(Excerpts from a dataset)
- Opening Delimiter -

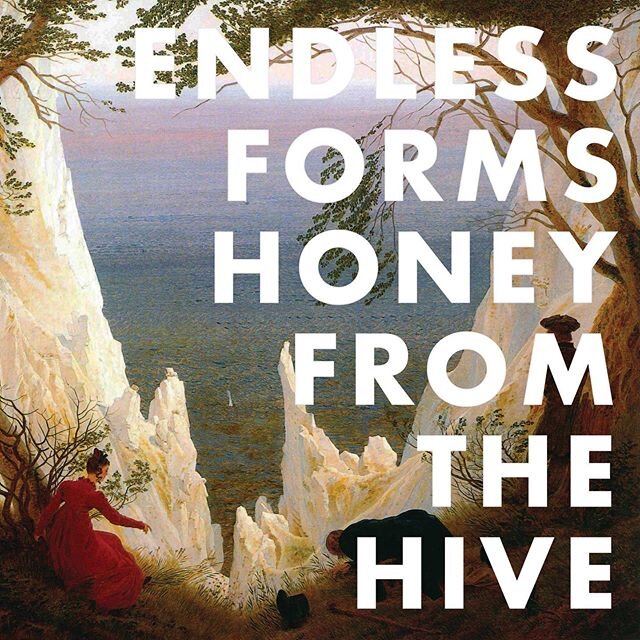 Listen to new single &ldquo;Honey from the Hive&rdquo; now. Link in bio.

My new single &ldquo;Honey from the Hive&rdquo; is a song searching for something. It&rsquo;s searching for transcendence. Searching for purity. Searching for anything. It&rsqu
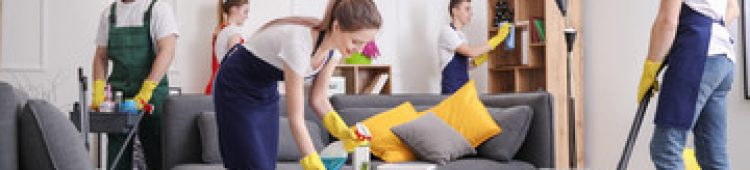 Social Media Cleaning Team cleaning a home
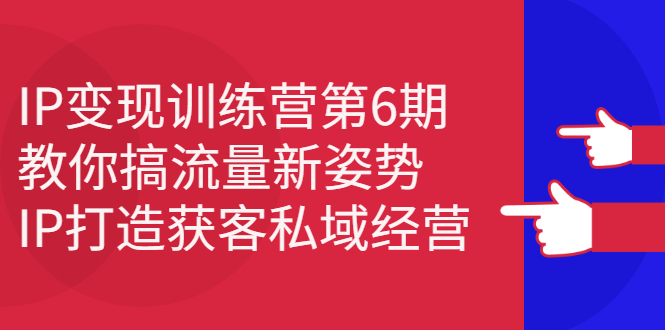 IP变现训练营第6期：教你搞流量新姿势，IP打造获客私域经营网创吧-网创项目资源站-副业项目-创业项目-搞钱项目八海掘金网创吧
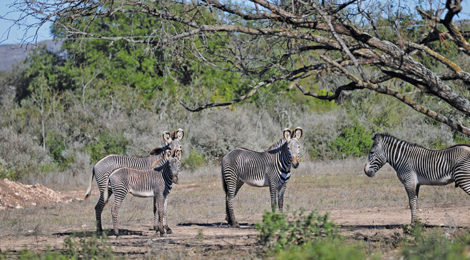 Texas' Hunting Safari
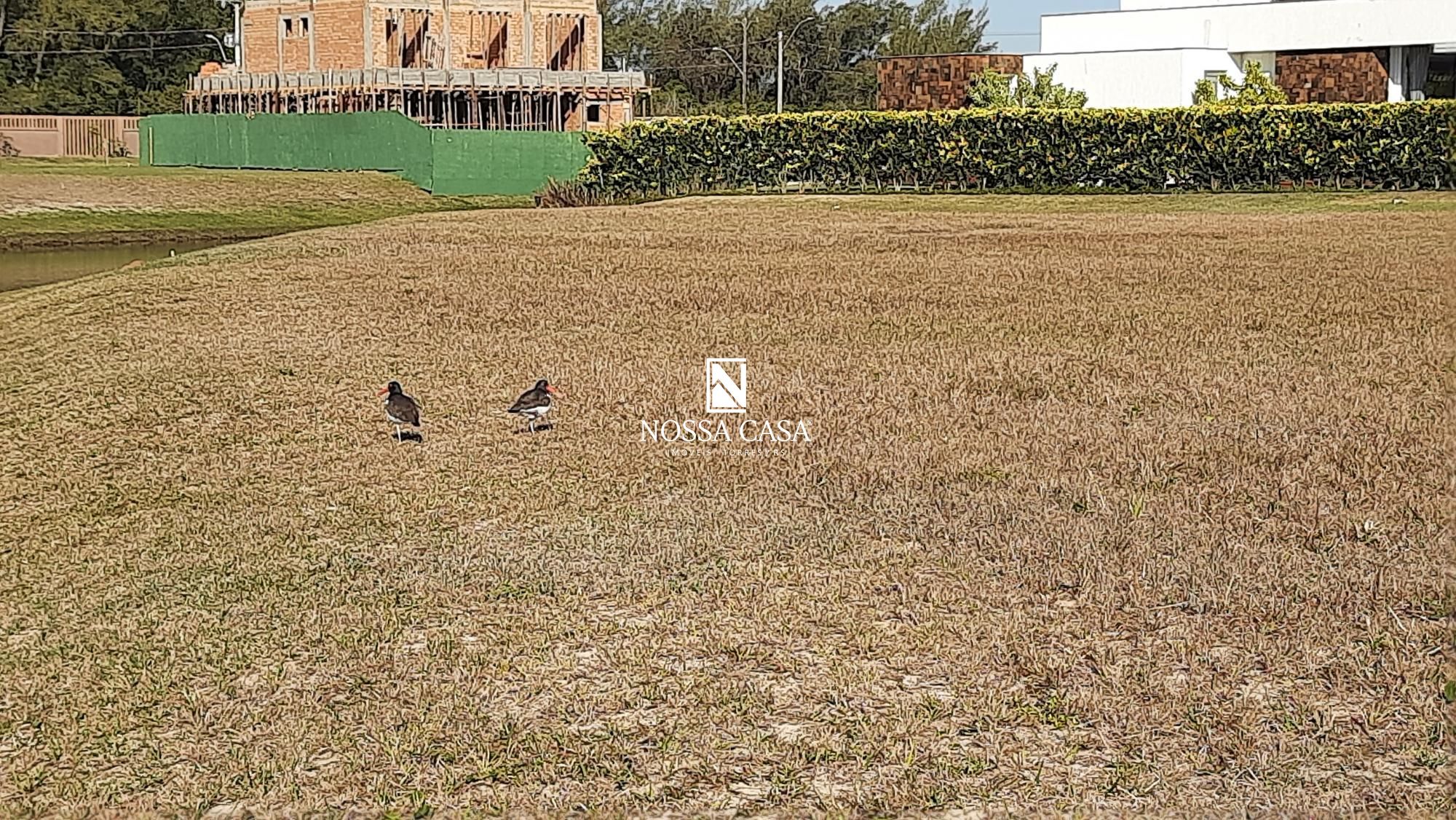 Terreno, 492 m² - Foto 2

- Closing Delimiter -

WHAT TO WORK ON: Please transcribe each line above exactly, but leave the images out.

RESPONSE TO THE EXERCISE:
 Listen to new single &ldquo;Honey from the Hive&rdquo; now. Link in bio.

My new single &ldquo;Honey from the Hive&rdquo; is a song searching for something. It&rsquo;s searching for transcendence. Searching for purity. Searching for anything. It&rsqu
 Social Media Cleaning Team cleaning a home
 IP变现训练营第6期：教你搞流量新姿势，IP打造获客私域经营网创吧-网创项目资源站-副业项目-创业项目-搞钱项目八海掘金网创吧
 Texas' Hunting Safari
 Terreno, 492 m² - Foto 2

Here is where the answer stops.